Um den ADAV zusätzlich zu schwächen, waren einige zu Lassalle beziehungsweise von Schweitzer in Opposition stehende Absplitterungen des ADAV nach Eisenach eingeladen worden. Solcherart ganz heterogen zusammengesetzt, gerieten die am 7. August 1869 im Eisenacher Gasthaus „Goldener Löwe“ tagenden Delegierten, welche insgesamt etwa 15.000 Arbeiter vertraten, sich erst einmal kräftig in die Haare.
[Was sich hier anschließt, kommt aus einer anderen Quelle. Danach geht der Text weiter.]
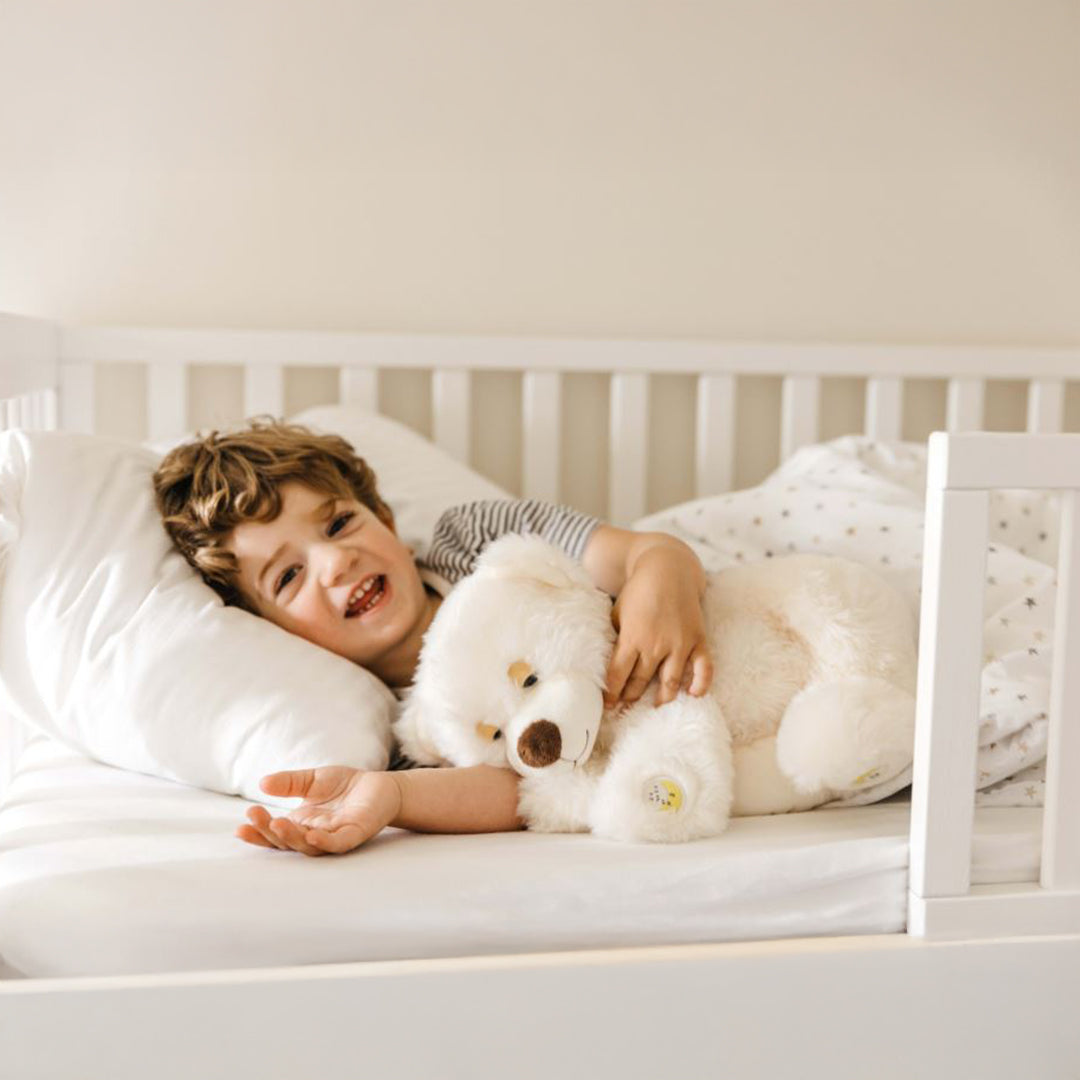Dreamy Bear with Sound - Soft Plush Toy for Babies and Toddlers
Der Versammlungstag endete nahezu im Chaos. 

Erst 1875 verschmolz die Partei in Gotha zur SPD

Am entscheidenden zweiten Versammlungstag traf man sich im Eisenacher Gasthof „Zum Mohren“ und hier setzten Liebknecht und Bebel endlich die Gründung einer gesamtdeutschen proletarischen Massenpartei mit leicht marxistischer Ausrichtung durch, welche den Namen Sozialdemokratische Arbeiterpartei (SDAP) erhielt. 1875 gelang es dieser beständig stärker werdenden Partei, auf dem Vereinigungsparteitag von Gotha 1875 den stark geschwächten Dauerkonkurrenten ADAV zu schlucken und zur Massenpartei SPD zu werden, die vor 1914 als stärkste sozialdemokratische Partei Europas galt. Allerdings mußten Wilhelm Liebknecht und August Bebel, welche die Gründung der SDAP am 8. August 1869 in Eisenach betrieben, vorerst einige Kröten schlucken und politische Zugeständnisse an ihre künftigen Mitgenossen machen. 
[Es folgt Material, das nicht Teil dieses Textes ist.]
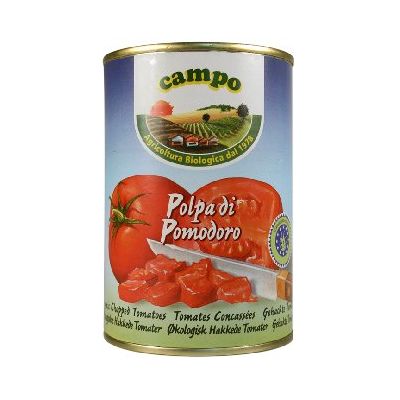 Gehakte Tomaten, 12x 400 Campo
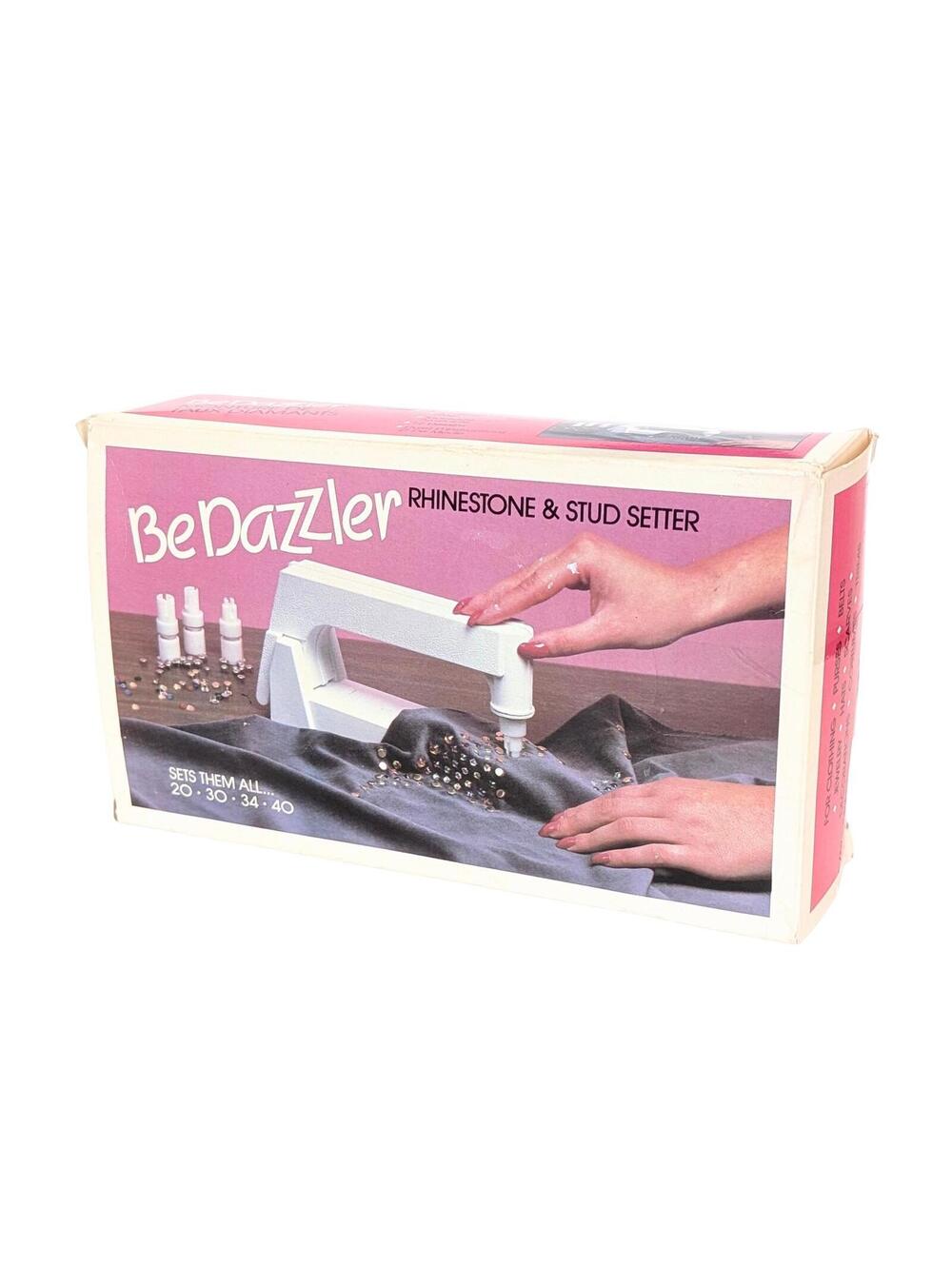 Vintage BeDazzler Rhinestone & Stud Setter Machine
Im „Eisenacher Programm“ von 1869 wurde beispielsweise nicht eine künftige sozialistische Republik als Endziel genannt, sondern die „Errichtung eines freien Volksstaates“. Auch wurden genossenschaftliche Produktivverhältnisse als erstrebenswert verkündet, um dem Konkurrenten ADAV die Anhänger zu entziehen. Dafür gelang es, die internationale Orientierung der SDAP durchzusetzen, weil man schließlich die arbeiterfreundlichen Produktionsverhältnisse nicht lokal oder nur rein national durchsetzen könne. 

Interessant ist übrigens, daß Bebel in Eisenach daran scheiterte, das Frauenwahlrecht als politisches Ziel ins Programm zu schreiben. Mehr als die Forderung nach allgemeinem Wahlrecht für Männer über 20 Jahre konnte er nicht durchsetzen. Doch immerhin profilierte sich die SDAP als unmittelbare Vorgängerin der späteren Millionenpartei SPD durch eine geschickte Mischung von marxistischen Fernzielen und praktischen Nutzen versprechenden Nahzielen wie der Trennung von Kirche und Staat, dem unentgeltlichen Unterricht und der Begrenzung der täglichen Arbeitszeiten, welche als Forderungen im Programm der neuen Partei enthalten waren, um das Los der Arbeiterschaft zu verbessern, die zu diesem Zeitpunkt seit gut einer Generation die durch die Industrialisierung stark wachsenden deutschen Städte bevölkerten. 

Vielleicht sollten die SPD-Genossen um Stegner, Kühnert oder Barley einmal bei Vater Bebel nachlesen, was eine Massenpartei ausmachen kann?